La favola di Filemone e Bauci è uno di quegli avvenimenti che venivano raccontati per provare che la virtù della ospitalità era ricompensata. Zeus ed Ermes, vagando attraverso la Frigia con sembianze umane, si ritrovarono a litigare. Quegli infatti pensava che tutti gli uomini fossero cattivi Ermes gli propose una sfida: travestirsi da viaggiatori cercando ospitalità nelle case vicine: «Bussando a mille porte, domandavano ovunque ospitalità e ovunque si negava loro l’accoglienza. Una sola casa offrì asilo: era una capanna, costruita con canne e fango. Qui, Filemone e Bauci, uniti in casto matrimonio, vedevano passare i loro giorni belli, invecchiare insieme sopportando la povertà, resa più dolce e più leggera dal loro tenero legame». La coppia si offrì di lavare i piedi ai viaggiatori, e diede poi loro da mangiare un pranzo campestre consistente in frutta, miele e latte. Quando però versavano il vino, questo non finiva mai, per cui iniziarono a sospettare della finta identità della divinità. Sacrificarono l’unica oca che avevano e Zeus ne rimase molto grato.
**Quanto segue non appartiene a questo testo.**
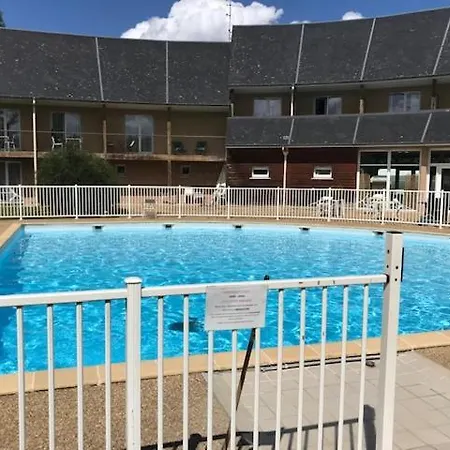 Appartement Normandie Avec Piscine Et Jardin Equemauville Exterior photo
Dopo il pranzo gli Dei si palesarono: Bauci e Filemone furono condotti sopra un’alta montagna vicina alla capanna e venne loro comandato di guardare all’indietro: mentre Zeus scatenava la propria ira contro i Frigi, videro tutto il borgo sommerso e distrutto tranne la loro povera capanna che venne trasformata in un tempio lussuoso. Zeus si offrì di esaudire qualunque loro desiderio. Filemone e Bauci chiesero solo di poter essere sacerdoti del tempio di Zeus e di poter morire insieme. Furono esauditi e quando Filemone e Bauci furono prossimi alla morte, Zeus li trasformò in una quercia e un tiglio uniti per il tronco. Questo albero meraviglioso, che si ergeva di fronte al tempio, fu venerato per secoli. I nomi di Filemone e di Bauci sono passati in proverbio per indicare due vecchi sposi che passato hanno i loro giorni in un amore reciproco, e ne conservano vivo il sentimento.